Last Thursday Mark Zuckerberg published a long piece called ‘Building a Global Community’. In it he explained that his company could help ‘develop the social infrastructure to give people the power to build a global community that works for all of us.’ The effect was unnerving. Zuckerberg, is the unchallenged chief executive officer of the world’s largest social network and controls a majority of its voting stock. As such he couldn’t help sounding like a monarch issuing a proclamation to his beloved subjects.

Although he talked about ‘a large-scale democratic process’ in his article, this would be used to establish ‘community standards’ in different regions of the planet; a little more nudity here, a little less violence there. Facebook might go so far as to introduce ‘a worldwide voting system’ to give us ‘more voice and control.’ But it might not. It’s very much Mr Zuckerberg’s decision.

We can be sure that democracy in his kingdom will not extend to questions of ownership or executive control. These will remain topics for private discussion between Facebook’s senior executives and key public sector institutions, like the NSA and the FBI. Facebook says it wants to regulate its platform to promote community and to prevent the fragmentation of its users into separate and antagonistic groups. But its nature and its agenda will not be subject to effective democratic oversight and direction.
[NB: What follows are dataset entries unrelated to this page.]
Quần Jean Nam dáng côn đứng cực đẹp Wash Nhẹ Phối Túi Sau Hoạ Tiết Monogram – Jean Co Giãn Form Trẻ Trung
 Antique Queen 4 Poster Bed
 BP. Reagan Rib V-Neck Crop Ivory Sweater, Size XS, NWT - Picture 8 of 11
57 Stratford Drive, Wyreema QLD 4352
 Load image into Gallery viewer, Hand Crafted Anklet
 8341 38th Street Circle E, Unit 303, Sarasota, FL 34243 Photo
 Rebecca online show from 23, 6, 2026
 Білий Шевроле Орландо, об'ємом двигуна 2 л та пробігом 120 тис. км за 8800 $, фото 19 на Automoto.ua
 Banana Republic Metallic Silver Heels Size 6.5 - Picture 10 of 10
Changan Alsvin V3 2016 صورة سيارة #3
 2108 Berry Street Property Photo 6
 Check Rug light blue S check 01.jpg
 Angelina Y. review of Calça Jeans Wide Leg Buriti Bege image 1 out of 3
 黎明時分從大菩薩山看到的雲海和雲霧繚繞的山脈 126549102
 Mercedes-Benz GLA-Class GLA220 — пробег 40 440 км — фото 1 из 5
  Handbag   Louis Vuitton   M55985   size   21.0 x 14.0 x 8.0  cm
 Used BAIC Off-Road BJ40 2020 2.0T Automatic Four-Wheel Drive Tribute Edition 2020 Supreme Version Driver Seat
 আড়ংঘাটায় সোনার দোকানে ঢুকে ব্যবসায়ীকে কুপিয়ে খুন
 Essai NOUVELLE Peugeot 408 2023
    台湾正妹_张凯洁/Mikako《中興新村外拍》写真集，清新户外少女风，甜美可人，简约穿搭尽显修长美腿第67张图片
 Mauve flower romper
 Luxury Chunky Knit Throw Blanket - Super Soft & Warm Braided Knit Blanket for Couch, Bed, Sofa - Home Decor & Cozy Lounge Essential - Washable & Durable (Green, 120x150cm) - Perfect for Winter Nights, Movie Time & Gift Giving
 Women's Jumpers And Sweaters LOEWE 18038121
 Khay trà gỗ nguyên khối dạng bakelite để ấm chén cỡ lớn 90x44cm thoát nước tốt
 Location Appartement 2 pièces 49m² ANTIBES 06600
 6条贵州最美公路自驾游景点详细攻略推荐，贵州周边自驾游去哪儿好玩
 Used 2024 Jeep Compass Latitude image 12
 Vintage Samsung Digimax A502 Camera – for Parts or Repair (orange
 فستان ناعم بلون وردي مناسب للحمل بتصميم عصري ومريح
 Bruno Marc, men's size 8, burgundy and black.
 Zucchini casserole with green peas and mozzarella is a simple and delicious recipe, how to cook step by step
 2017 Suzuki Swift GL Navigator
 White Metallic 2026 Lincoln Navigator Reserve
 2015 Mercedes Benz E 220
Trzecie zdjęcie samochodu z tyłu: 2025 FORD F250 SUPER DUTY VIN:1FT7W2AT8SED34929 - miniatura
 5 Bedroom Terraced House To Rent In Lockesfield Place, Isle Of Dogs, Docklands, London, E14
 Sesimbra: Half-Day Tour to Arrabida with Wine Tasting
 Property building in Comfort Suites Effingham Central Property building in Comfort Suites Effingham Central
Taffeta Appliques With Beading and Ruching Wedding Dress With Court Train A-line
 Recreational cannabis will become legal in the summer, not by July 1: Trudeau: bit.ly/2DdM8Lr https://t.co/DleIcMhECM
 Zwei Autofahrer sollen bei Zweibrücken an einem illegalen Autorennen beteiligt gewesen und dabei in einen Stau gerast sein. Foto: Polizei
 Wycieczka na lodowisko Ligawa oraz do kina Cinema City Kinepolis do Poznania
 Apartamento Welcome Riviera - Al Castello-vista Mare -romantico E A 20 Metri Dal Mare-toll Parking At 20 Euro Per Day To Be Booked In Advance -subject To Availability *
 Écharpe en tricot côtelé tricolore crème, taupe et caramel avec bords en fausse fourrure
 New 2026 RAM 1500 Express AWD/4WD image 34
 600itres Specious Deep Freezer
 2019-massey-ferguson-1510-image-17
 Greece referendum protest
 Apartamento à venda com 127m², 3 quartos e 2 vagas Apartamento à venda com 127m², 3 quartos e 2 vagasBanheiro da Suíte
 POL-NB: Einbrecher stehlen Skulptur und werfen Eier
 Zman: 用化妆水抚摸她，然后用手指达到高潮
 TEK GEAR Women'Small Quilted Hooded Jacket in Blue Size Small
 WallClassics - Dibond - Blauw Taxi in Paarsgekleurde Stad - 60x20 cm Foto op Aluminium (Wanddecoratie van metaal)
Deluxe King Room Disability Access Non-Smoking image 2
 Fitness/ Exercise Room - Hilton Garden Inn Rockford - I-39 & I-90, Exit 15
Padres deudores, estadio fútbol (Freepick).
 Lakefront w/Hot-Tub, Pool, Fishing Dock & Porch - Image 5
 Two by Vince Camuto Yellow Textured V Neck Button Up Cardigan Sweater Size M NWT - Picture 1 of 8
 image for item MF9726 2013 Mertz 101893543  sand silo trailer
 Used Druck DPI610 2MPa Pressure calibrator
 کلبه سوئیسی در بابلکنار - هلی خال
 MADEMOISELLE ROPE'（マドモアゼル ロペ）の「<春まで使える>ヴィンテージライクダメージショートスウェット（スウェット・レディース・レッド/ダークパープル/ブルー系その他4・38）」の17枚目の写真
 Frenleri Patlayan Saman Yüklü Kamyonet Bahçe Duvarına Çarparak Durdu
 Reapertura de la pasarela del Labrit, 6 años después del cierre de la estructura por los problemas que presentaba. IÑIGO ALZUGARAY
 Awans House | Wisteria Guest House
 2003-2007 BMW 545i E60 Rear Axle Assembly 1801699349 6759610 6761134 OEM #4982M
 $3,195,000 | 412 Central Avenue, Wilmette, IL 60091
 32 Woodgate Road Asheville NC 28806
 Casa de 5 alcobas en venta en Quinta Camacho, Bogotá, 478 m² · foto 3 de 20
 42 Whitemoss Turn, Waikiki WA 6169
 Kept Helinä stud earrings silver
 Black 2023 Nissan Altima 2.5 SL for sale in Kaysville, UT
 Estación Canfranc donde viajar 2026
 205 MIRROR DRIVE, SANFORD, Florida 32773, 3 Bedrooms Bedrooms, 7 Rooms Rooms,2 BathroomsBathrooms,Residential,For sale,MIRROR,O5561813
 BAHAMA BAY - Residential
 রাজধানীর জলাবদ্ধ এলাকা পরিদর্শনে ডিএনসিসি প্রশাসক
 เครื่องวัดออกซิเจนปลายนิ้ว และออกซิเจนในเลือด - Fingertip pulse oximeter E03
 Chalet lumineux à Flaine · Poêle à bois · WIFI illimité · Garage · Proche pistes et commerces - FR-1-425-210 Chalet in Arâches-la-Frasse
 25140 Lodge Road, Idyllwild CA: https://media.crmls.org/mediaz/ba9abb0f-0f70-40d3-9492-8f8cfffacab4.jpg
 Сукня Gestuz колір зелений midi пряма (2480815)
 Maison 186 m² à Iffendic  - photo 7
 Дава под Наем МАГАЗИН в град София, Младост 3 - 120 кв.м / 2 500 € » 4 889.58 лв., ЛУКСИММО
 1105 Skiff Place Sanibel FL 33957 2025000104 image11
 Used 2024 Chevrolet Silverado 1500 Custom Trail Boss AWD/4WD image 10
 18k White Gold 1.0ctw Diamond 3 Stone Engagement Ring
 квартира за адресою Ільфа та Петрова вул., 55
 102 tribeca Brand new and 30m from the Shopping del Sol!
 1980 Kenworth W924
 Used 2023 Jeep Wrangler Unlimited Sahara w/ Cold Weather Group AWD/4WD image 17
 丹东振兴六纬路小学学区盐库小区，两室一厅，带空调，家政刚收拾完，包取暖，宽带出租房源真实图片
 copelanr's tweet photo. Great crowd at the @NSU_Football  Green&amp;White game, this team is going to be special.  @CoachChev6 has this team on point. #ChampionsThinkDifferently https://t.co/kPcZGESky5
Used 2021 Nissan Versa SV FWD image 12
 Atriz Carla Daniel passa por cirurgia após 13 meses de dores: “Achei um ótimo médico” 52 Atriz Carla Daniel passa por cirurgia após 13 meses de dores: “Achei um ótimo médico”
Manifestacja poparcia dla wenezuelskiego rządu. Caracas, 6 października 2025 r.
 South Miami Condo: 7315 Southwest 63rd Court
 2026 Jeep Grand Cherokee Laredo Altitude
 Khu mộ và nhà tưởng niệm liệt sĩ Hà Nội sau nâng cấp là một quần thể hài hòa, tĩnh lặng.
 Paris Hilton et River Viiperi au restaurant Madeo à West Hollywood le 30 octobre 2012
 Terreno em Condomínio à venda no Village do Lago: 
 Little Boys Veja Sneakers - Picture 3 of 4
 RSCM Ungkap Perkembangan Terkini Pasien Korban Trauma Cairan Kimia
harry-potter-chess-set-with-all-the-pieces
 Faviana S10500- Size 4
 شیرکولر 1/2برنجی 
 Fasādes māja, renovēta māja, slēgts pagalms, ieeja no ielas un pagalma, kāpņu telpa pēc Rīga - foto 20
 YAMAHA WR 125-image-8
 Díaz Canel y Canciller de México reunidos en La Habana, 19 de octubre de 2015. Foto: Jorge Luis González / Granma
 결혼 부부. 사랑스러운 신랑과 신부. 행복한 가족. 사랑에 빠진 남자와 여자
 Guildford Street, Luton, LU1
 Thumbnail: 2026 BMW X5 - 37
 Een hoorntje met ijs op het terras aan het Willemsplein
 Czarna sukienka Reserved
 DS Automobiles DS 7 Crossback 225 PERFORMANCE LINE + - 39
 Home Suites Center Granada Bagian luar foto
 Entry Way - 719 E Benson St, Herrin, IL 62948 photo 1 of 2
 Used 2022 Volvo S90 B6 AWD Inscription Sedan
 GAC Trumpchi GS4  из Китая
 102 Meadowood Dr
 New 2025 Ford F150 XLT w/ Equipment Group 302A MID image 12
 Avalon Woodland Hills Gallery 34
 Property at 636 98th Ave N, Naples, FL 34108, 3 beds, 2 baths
'If one project with the right architecture – radically decentralized and encrypted data, free software and a transparent and democratically accountable governance structure – succeeds, then it could grow rapidly and displace its corporate competitors'

On the same day the Platform Cooperatives Conference in London brought together hundreds of people with a very different vision of the role ‘a large-scale democratic process’ might play in building a global community. Platform co-operativism seeks to apply co-operative principles of shared ownership and democratic control of the enterprise to the emerging world of the digital platforms. It proposes that networks of producers and consumers own the networks they use. Once we strip away the PR chat about global community, Silicon Valley start-ups are attempts to extract monopoly rents from the value created by others. The political, financial and communicative architecture favours them but a very different model for the digital economy is possible. At the moment platform co-operativism is a mixture of small start-ups and far-reaching thought experiments. Imagine, the platform co-operators ask, a Facebook owned by its users. The really existing Facebook is a profit-seeking company that sells access to potentially lucrative demographics to commercial customers. A user-owned Facebook would allow us to keep control of our data and to communicate without the distorting effects of corporate intermediation. Instead of a global community managed and monetized by one owner, we would decide for ourselves how the platform should be governed, how information should flow from user to user, how we become audible and intelligible to one another. Maybe our vision of the future of the platform will come to resemble Zuckerberg’s notion of a ‘global community’, maybe it won’t. At the moment we have no way of knowing. We have almost no control over what happens to the content we generate.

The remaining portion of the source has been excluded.